§ Exercise brief: Return, word for word, every line starting at the line with "Life of Pets'" and ending at the final line of the entries; skip the pictures.

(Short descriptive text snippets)

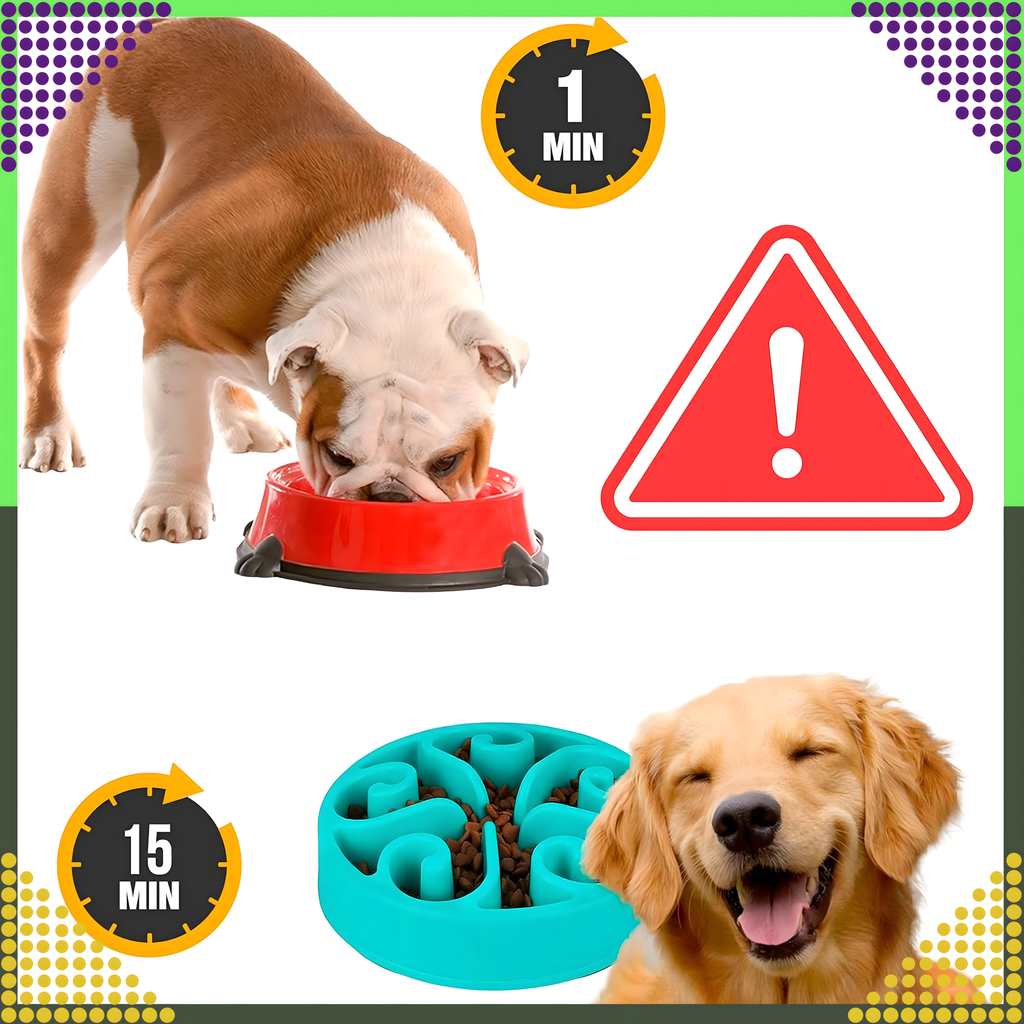 Toidu aeglustav kauss koerale, kassile ja teistele loomadele, suur, vaheseintega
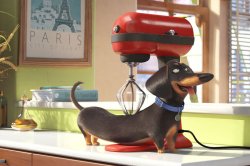 'The Secret Life of Pets'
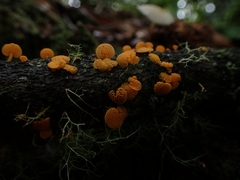 Favolaschia calocera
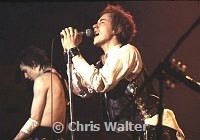 Sex Pistols 1978<br> Chris Walter<br>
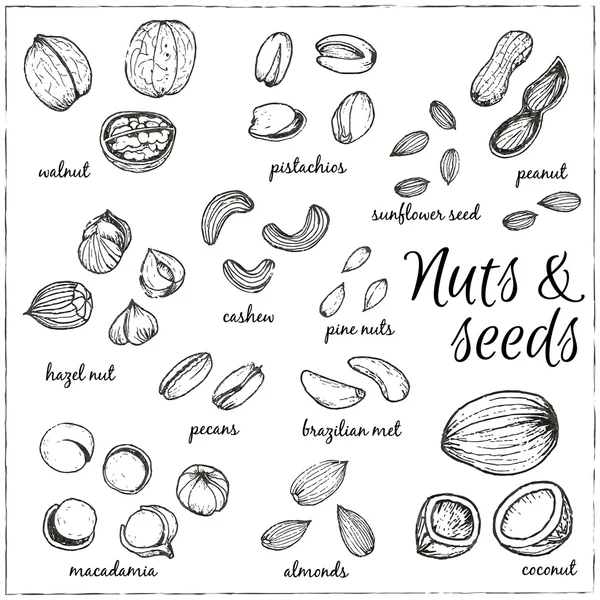 Nuts collection drawings. Sketches. — Stock Vector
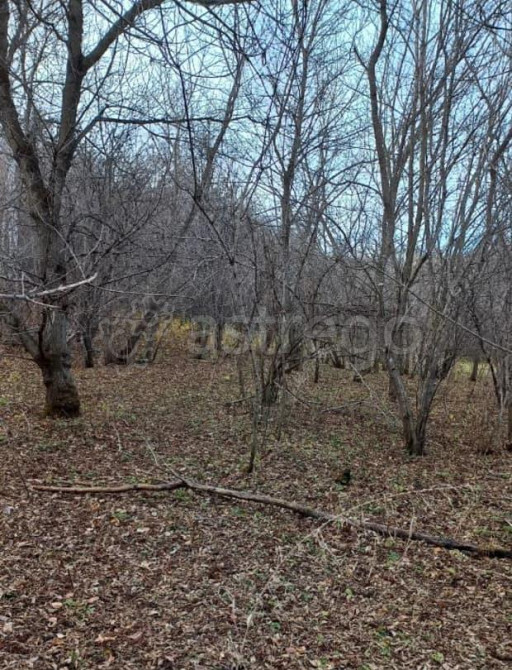 Коммерческий участок, 10 га Белокуриха - изображение 4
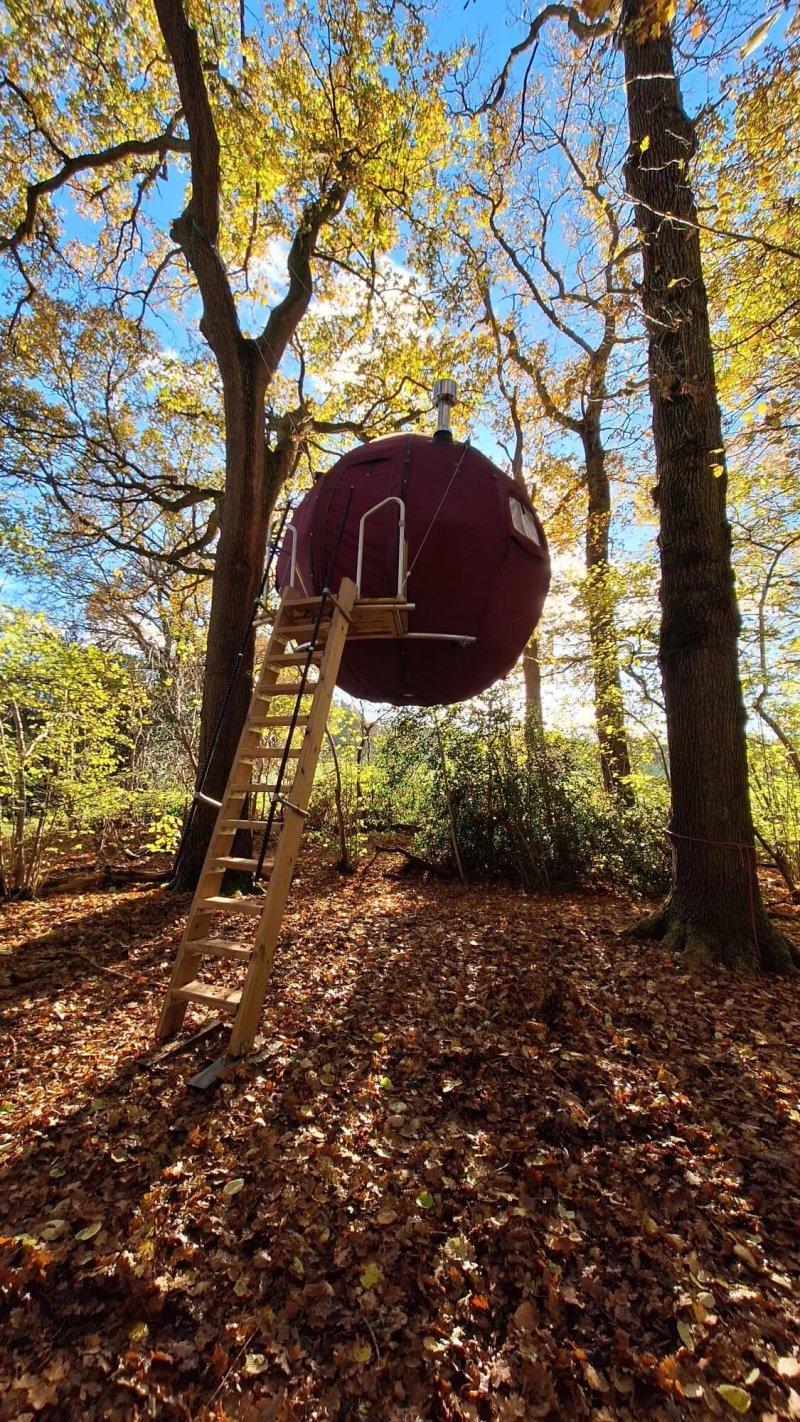 Strawberry Lane Tree Tent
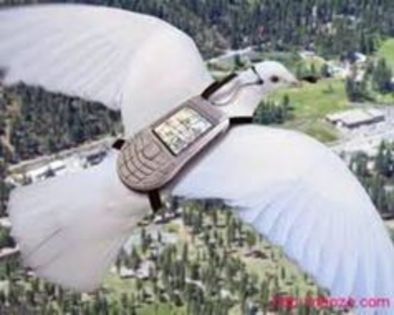 95041588_WMSRWMJ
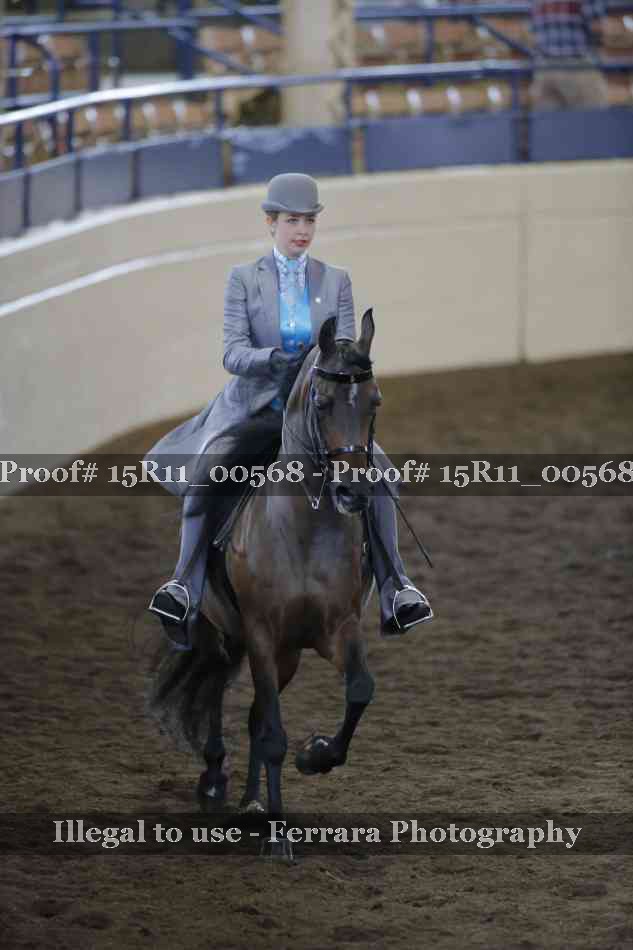 Proof 15R11_00568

§ Expected answer:
 'The Secret Life of Pets'
 Favolaschia calocera
 Sex Pistols 1978<br> Chris Walter<br>
 Nuts collection drawings. Sketches. — Stock Vector
 Коммерческий участок, 10 га Белокуриха - изображение 4
 Strawberry Lane Tree Tent
 95041588_WMSRWMJ
 Proof 15R11_00568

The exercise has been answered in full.